– Костя, помоги Максу. Ранцы прошмонайте, если что ценное – забираем с собой. Остальное бросить. Трупы осмотреть – и в овраг, вещи, стволы – туда же, замаскировать ветками, по возможности вернемся позже, заберем оружие и мелочевку. Иди, я пока пару слег срублю, носилки из фрицевских плащ-палаток сделаем.
– Думаешь, донесем? – Паршин был мрачен, словно туча.
– Если сильно повезет, – буркнул Александр, с остервенением оттирая окровавленные ладони о траву. – Очень сильно. – И сдавленно рявкнул, теряя терпение: – Бегом давай, время теряем!
Следующие несколько минут пролетели незаметно. Пленных надежно связали – так, чтобы могли самостоятельно передвигаться, но не более того. Раненому радисту наложили повязку – повезло, пуля прошла между костями голени, не раскрошив ни одной из них, так что идти он мог сам, опираясь на плечо камрада. Больно, конечно, ну да что делать? Жить хочет – помучается немного. Поскольку альтернативы нет – на себе его никто тащить не станет.

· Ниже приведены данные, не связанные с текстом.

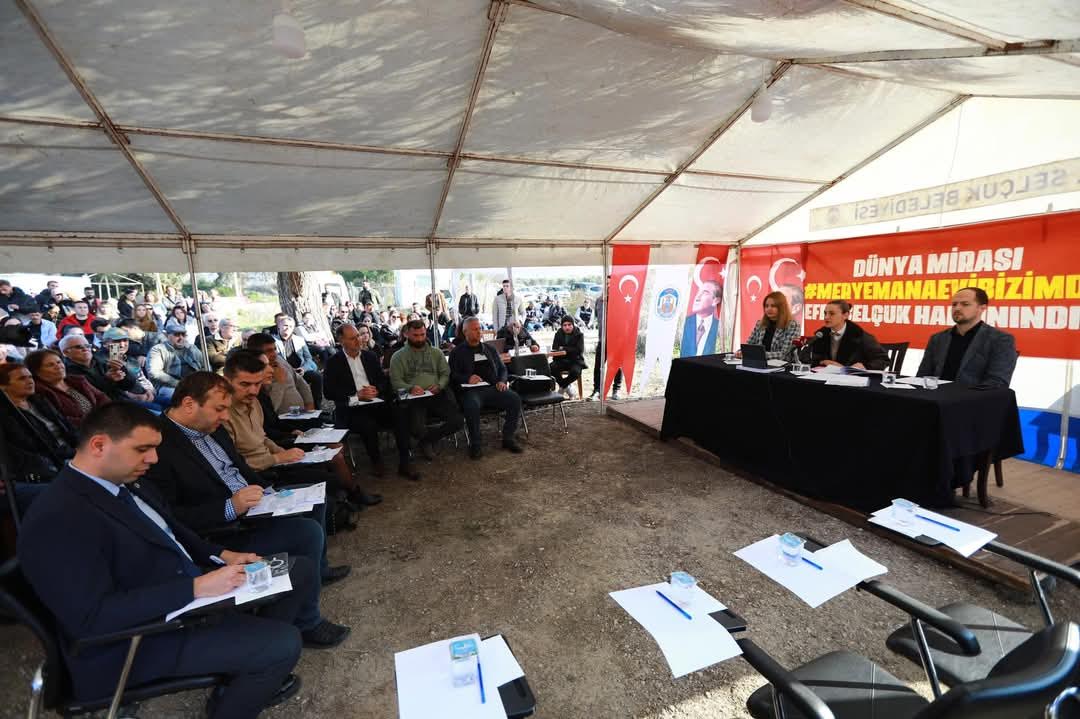 Efes Selçuk’ta Meryem Ana Evi mücadelesi sürüyor: Yılın ilk meclisi nöbet alanında!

Пока товарищи инспектировали содержимое ранцев, Гулькин соорудил из стволов молодых деревьев и пары камуфлированных брезентовых плащ-палаток импровизированные носилки, на которые уложили так и не пришедшего в сознание Васютина. Рацию навьючили на командира диверсионной группы, тем самым еще больше ограничив его свободу движений: попробуй-ка подергайся с грузом на спине и повисшим на плече едва ковыляющим раненым. Тем более что отлично знающий немецкий Александр сразу предупредил: «Будешь делать глупости – прострелю колени и локти и оставлю в лесу. Живым, возле муравейника. А потом вернусь обратно, посмотреть, что от тебя осталось. Обо всем, что нам нужно, мы и от твоего товарища сможем узнать. Понял, нет?»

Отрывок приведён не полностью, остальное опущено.